Several workers paid large fees to labor recruiters who brought them to the U.S. with falsified documents. When the workers arrived in the U.S., they learned that their debts had increased and that they had to work at a canning plant in a small, rural town in Kansas to pay the debt. The recruiters required that the workers live in overcrowded conditions in housing that they provided. Because of its isolated location the workers had to rely on the recruiters for food and basic supplies. The recruiters took the majority of the workers’ paychecks, claiming that the money went to their debt, housing and food.

-----------------------

Immigration Status – Traffickers often use threats of deportation and document confiscation to maintain control over foreign national workers in the production industry. H-2B workers, (temporary immigrant workers) are particularly vulnerable because their legal status in the United States is tied to their employment, and because they often have extended families in their home countries who depend on their wages. Traffickers impose hefty debts to immigrant workers for job recruitment fees, transportation costs and visa processing. Additionally, traffickers prey on immigrant workers’ unfamiliarity with the language, laws and customs of the U.S. to further manipulate or exploit them.


http://www.nytimes.com/2009/03/22/us/22immig.html?pagewanted=all
Like many places across the United States, this factory town in eastern Tennessee has been transformed in the last decade by the arrival of Hispanic immigrants, many of whom are in this country illegally. Thousands of workers like Mr. López settled in Morristown, taking the lowest-paying elbow-grease jobs, some hazardous, in chicken plants and furniture factories.

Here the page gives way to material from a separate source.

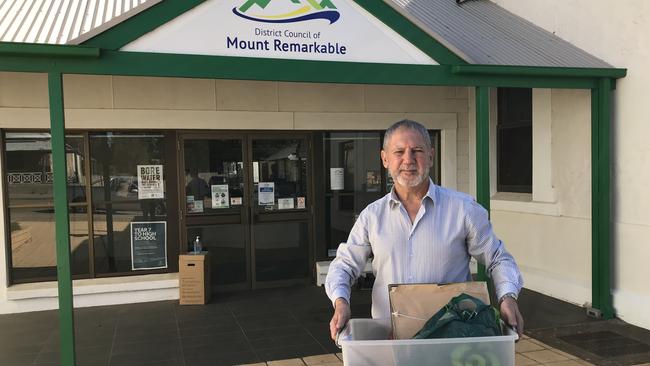 Former Mt Remarkable District Council chief executive Wayne Hart leaves the council's Melrose offices with his personal belongings. Picture: Supplied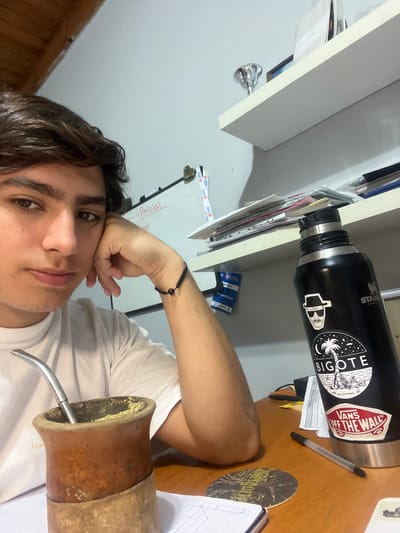 A young man is posing for a selfie. He is sitting at a desk with a gourd (mate cup) with a silver straw (bombilla) in the foreground. A black Stanley thermos with stickers including "Bigote" and "Vans Off the Wall" is on the desk. Also visible on the desk are a pen, papers, and a coaster. A white shelf is above the desk. Based on the poster with the name "Rocco VIllaveiran" visible in the background, this image was taken in Gerli, Argentina.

http://www.incite-national.org/index.php?s=123
Today, the overwhelming majority of garment workers in the U.S. are immigrant women. They typically toil 60 - 80 hours a week in front of their machines, often without minimum wage or overtime pay. In fact, the Department of Labor estimates that more than half of the country's 22,000 sewing shops violate minimum wage and overtime laws. Many of these workers labor in dangerous conditions including blocked fire exits, unsanitary bathrooms, and poor ventilation. Government surveys reveal that 75% of U.S. garment shops violate safety and health laws. In addition, workers commonly face verbal and physical abuse and are intimidated from speaking out, fearing job loss or deportation.


The pattern of importing immigrant labor leading to lower wages and unsafe workplaces is unmistakeable.

What is the solution? Get rid of immigration? No, I have an even more effective idea: the solution is to UNIONIZE immigrant workers. It is plainly obvious that farmers and factory workers and other employers are dependent upon cheap labor. They do not have a God-given right to treat their workers like crap, put their lives needlessly in danger, and pay them crap wages. Workers have a right to fight back and ask for help from the Government, and we should be clamoring to give them that.

The solution is to renegotiate abominations like NAFTA to include a guarantee that all participant nations institute a livable wage for its workers, and to ensure that they obey strict pollution controls and enforce effective workplace safety laws. If we're going to have trade agreements of any sort, then use them to improve conditions for workers in all participating nations.

If you really think you need immigrant labor, then you need to treat them as humanely and pay them as well as you'd pay Americans. Period. That's not how immigrant labor is being treated right now.